There are many advantages in AS crystallization, such as low operating temperature and solvent activities that can have a deep effect in the polymorphic form of the final crystal growth.111–113 Several models have been implemented for AS crystallization, in order to identify different patterns of behavior in terms of antisolvent addition rates, product average particle size and size distribution. Nowee et al.,114 found that a growth rate relation results in sharper mean size increases in the feeding's early stages. Therefore, the population balance model, previously discussed in Sections 2.2.3 and 2.3.3, and the solution approach has been used for many authors to combine a nucleation and growth rate description for the AS crystallization.115–117

3.3. The antisolvent method for perovskite halide crystallization

The solution processability of perovskite materials is one of the most important advantages of PSCs.118,119 The perovskite layer is typically deposited by a solution coating method.14 A one-step spin-coating method is most often used because of its simplicity and low cost.120–123 During the coating process, a so-called anti-solvent is dropped on top of the layer for the perovskite crystal growth.

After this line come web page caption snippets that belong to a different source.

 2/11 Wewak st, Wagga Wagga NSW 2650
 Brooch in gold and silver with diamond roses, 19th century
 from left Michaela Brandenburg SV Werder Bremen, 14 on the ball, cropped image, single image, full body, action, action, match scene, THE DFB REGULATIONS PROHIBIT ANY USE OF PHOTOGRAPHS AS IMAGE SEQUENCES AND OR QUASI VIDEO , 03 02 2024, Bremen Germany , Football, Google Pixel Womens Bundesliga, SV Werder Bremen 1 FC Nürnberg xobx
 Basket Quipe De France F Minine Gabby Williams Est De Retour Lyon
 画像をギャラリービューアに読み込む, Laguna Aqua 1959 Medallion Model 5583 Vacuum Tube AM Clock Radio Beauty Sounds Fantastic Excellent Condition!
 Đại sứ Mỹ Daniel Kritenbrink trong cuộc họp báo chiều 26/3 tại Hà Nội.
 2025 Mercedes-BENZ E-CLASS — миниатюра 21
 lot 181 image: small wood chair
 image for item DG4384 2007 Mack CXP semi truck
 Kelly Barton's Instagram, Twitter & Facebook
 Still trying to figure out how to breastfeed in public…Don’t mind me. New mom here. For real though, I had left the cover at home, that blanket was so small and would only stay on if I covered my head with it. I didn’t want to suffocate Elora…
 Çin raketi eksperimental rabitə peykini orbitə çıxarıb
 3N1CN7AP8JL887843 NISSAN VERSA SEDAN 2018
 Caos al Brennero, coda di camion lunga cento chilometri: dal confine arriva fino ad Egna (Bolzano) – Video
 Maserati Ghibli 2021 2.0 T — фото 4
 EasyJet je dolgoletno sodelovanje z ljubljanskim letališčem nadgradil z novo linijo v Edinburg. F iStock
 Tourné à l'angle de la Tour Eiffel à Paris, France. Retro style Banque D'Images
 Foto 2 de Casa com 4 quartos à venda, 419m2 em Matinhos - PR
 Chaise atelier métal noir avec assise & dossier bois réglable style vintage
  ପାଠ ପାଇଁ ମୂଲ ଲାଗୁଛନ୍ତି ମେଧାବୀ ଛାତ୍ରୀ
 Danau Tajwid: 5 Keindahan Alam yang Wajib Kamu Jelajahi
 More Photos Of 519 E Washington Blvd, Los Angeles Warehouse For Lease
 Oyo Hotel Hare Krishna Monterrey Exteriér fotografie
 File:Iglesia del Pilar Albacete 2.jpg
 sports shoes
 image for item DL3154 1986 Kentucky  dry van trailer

Additional thermal annealing is necessary to remove the remaining solvent and reach a purer perovskite phase.124–126 The solvent can be removed with AS and heat treatment, reaching the necessary driving force to induce crystallization on the perovskite films.10 In the solution preparation methods, the humidity plays a fundamental role. It is well-known that perovskite MAPbI3 films are sensitive to moisture, causing them to decompose into PbI2.11,12 Therefore, the manufacture of PSCs should be carried out under controlled atmosphere conditions with low humidity values.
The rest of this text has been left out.